HANCOCK – It’s a sad fact of 21st century life that school officials have to plan for the possibility of a violent person entering school property, but officials with the Hancock Public Schools are continuing to adjust their policies for just such an incident.

At the work session for the Hancock Public School Board of Education Monday, Gordon G. Barkell Elementary School Principal Howard Parmentier told members he recently talked with the emergency coordinator at Virginia Polytechnic Institute and State University about their policy for locking down the campus in case of an armed or otherwise violent intruder.

“It was discovered we were about a year out of date with our policy,” he said.

After talking with the representative at Virginia Tech, Parmentier said he talked to Jack Dueweke, emergency measures coordinator for Houghton and Keweenaw counties about how to deal with a situation, which may require a lockdown of the school.
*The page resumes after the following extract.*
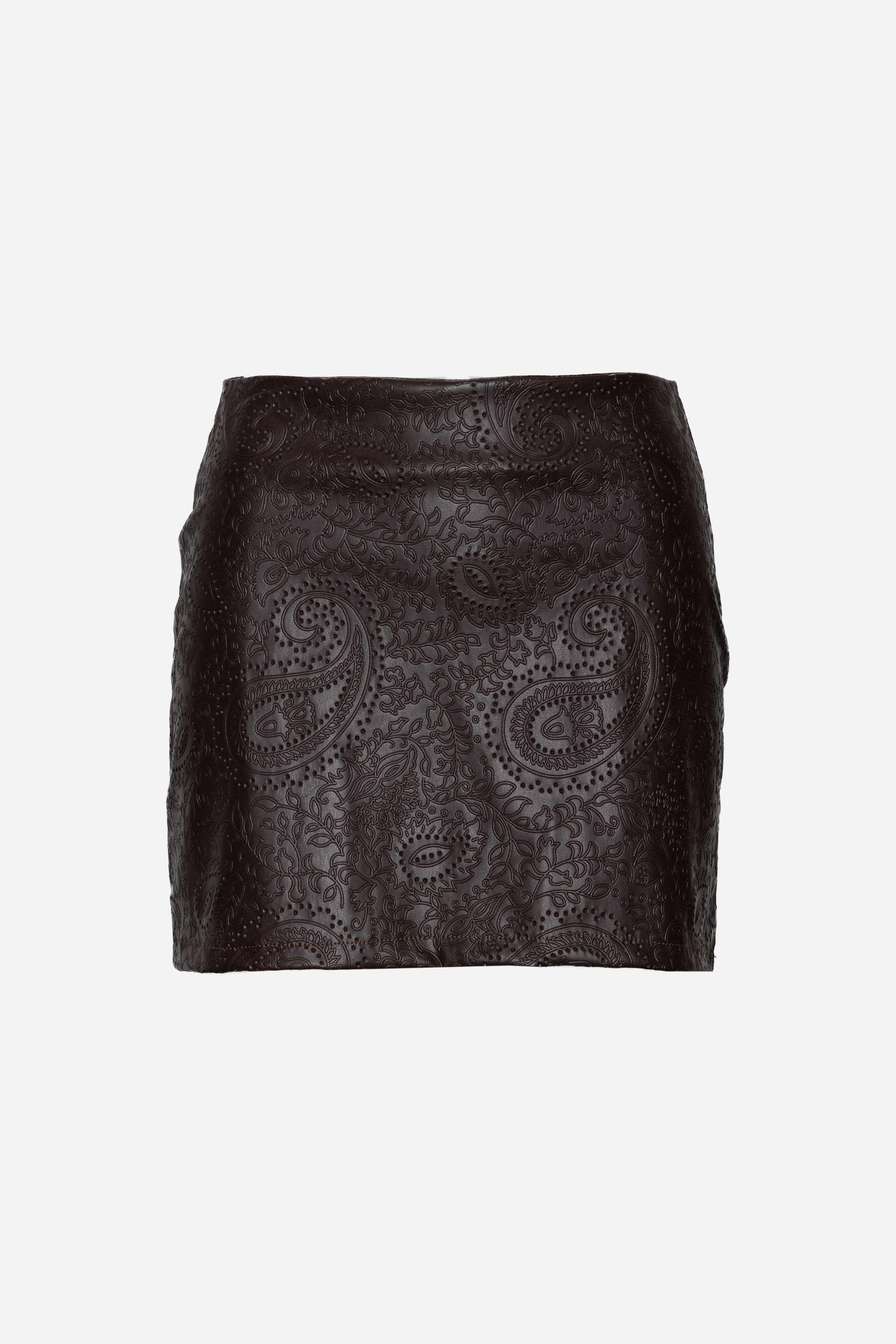 Paisley Mini Pencil Skirt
Parmentier said the policy of where students and staff should go in the event of an armed intruder has changed. They now will go to more easily controlled parts of the building, and they have worked out a plan for students to go to nearby Portage Health if they are able to leave the school building.

There are now walkie talkies in every room in case the school public address system can’t be used during an incident, Parmentier said.

Superintendent Monica Healy said the policy for an armed or violent intruder was updated at the middle and high schools two years ago, but they will have to be examined again.

“Those policies are already out of date,” she said.

She will meet with Dueweke, also, soon to possibly adjust the lock down policy for the middle and high schools, Healy said.

Board Secretary Chris Heikkinen asked Healy if the classroom doors are adequate to keep out an intruder, and she said they are.

“I have not heard that ours are not good,” she said.

In other business, the board members:

received from Healy the latest schedule of payments for the district deficit elimination plan.

“We are on target to be out of deficit by (the 2014-15 school year),” she said. “It’s not going to be easy.”

accepted the resignation of Paraprofessional Aide Josh Frantti, who got another job.